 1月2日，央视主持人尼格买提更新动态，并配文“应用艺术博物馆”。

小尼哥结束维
==
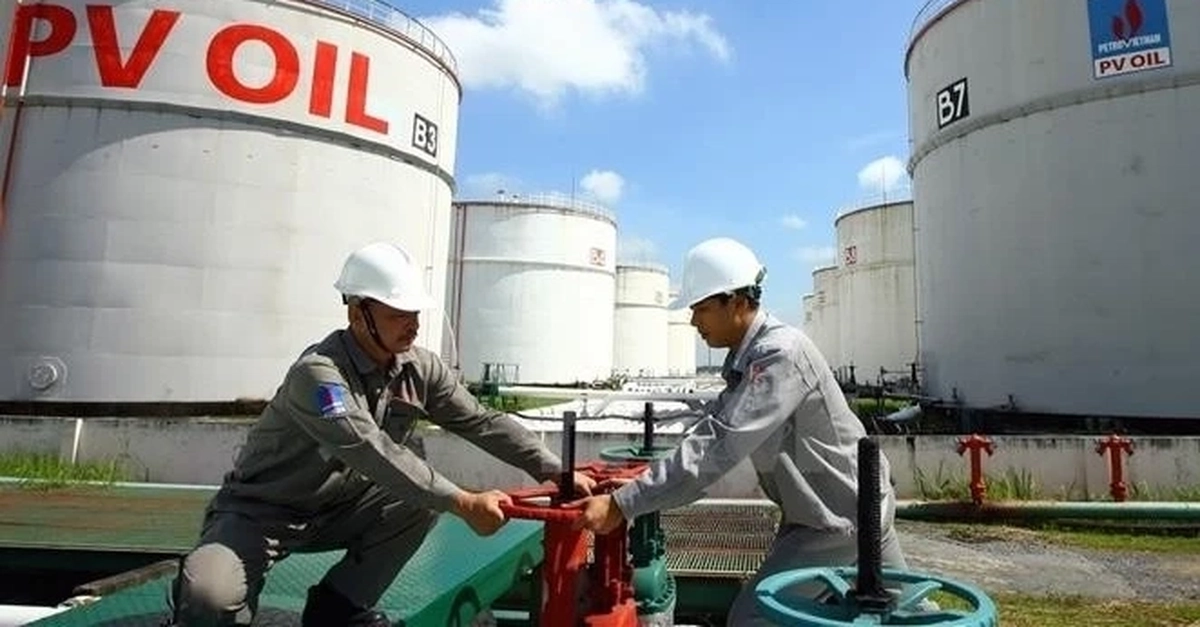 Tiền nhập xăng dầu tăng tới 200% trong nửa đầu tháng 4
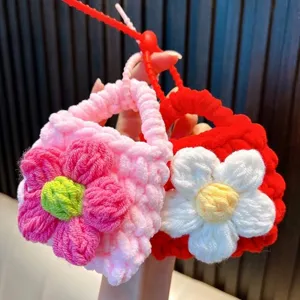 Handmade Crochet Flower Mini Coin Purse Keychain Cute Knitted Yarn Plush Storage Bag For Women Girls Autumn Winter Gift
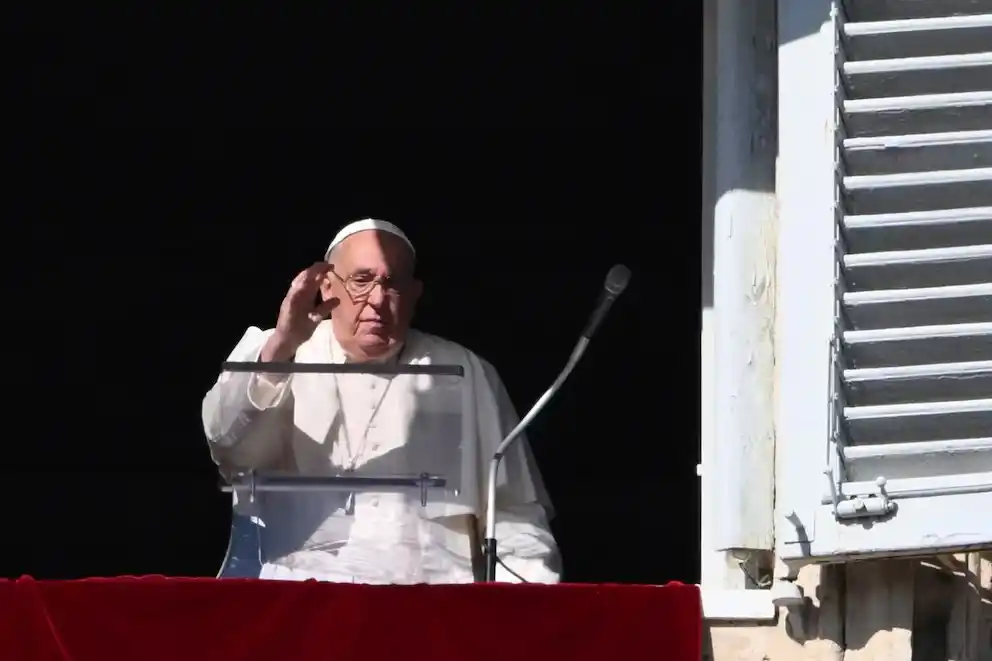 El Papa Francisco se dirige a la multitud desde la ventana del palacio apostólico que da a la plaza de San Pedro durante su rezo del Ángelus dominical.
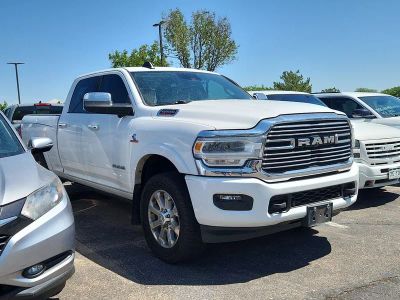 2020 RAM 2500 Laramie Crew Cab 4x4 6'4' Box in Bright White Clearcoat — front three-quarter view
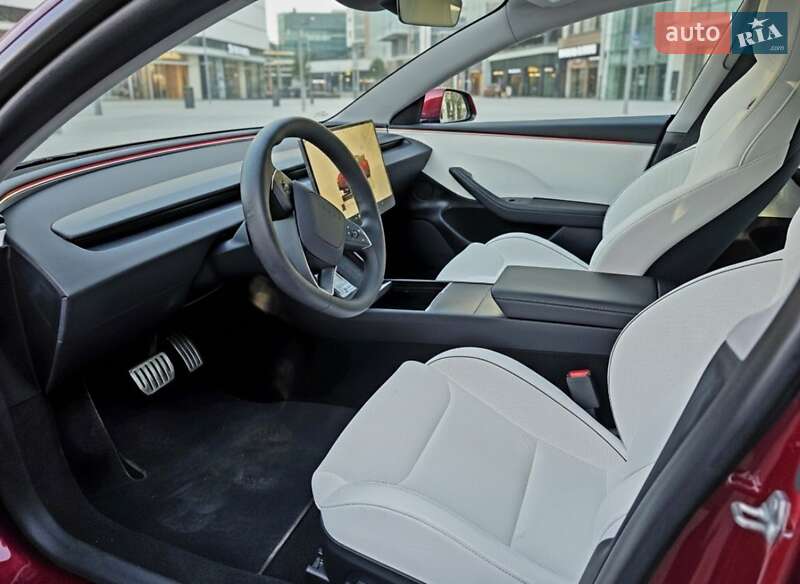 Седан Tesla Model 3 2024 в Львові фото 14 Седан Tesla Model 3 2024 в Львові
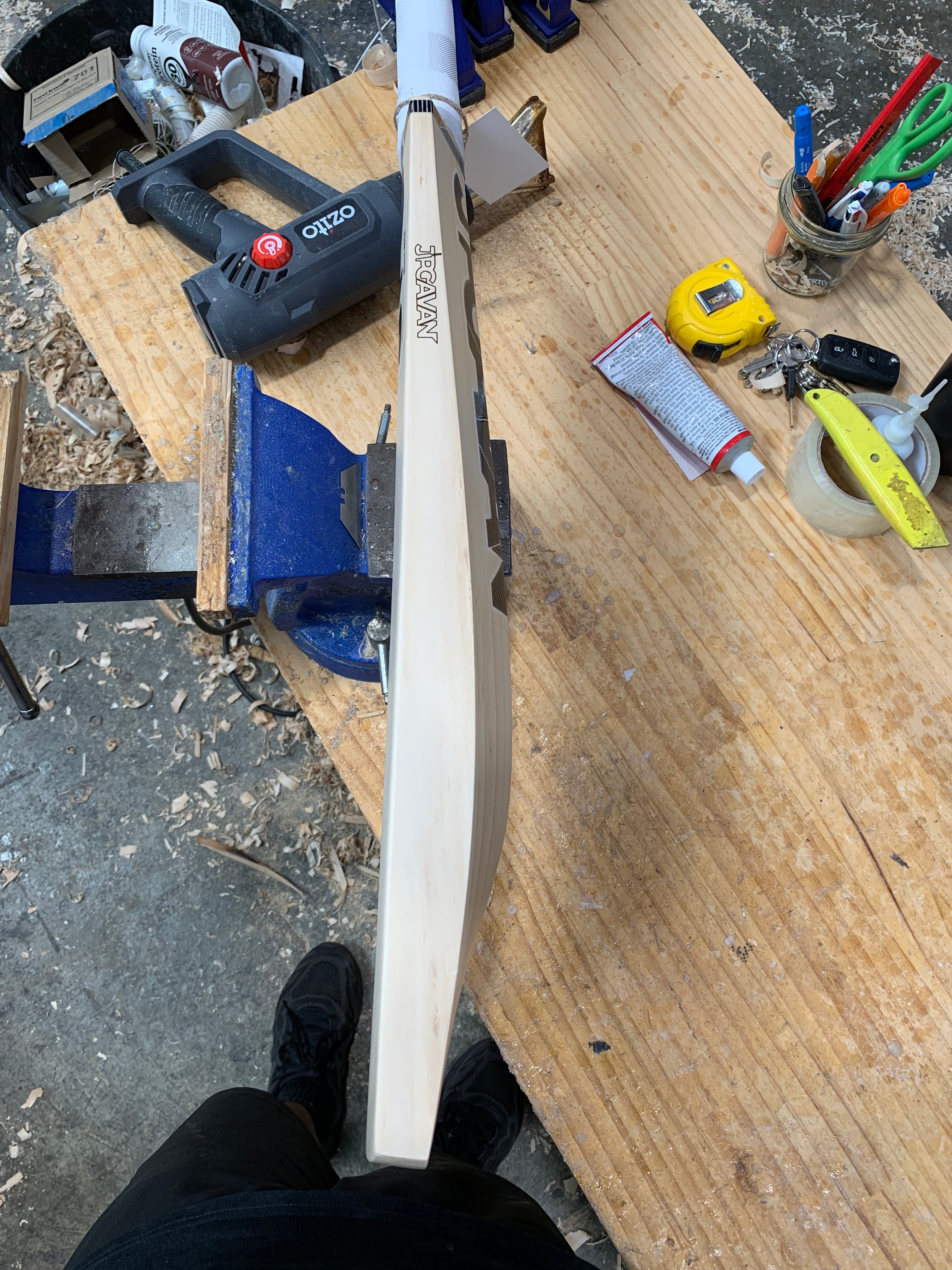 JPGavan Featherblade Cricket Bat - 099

__Assignment__
Using the data above, retype exactly and only the lines from the one containing "El Papa Francisco" up to and including the one containing "JPGavan Featherblade Cricket Bat - 099", with no pictures carried over.

__Reply to the exercise__
 El Papa Francisco se dirige a la multitud desde la ventana del palacio apostólico que da a la plaza de San Pedro durante su rezo del Ángelus dominical.
 2020 RAM 2500 Laramie Crew Cab 4x4 6'4' Box in Bright White Clearcoat — front three-quarter view
 Седан Tesla Model 3 2024 в Львові фото 14 Седан Tesla Model 3 2024 в Львові
 JPGavan Featherblade Cricket Bat - 099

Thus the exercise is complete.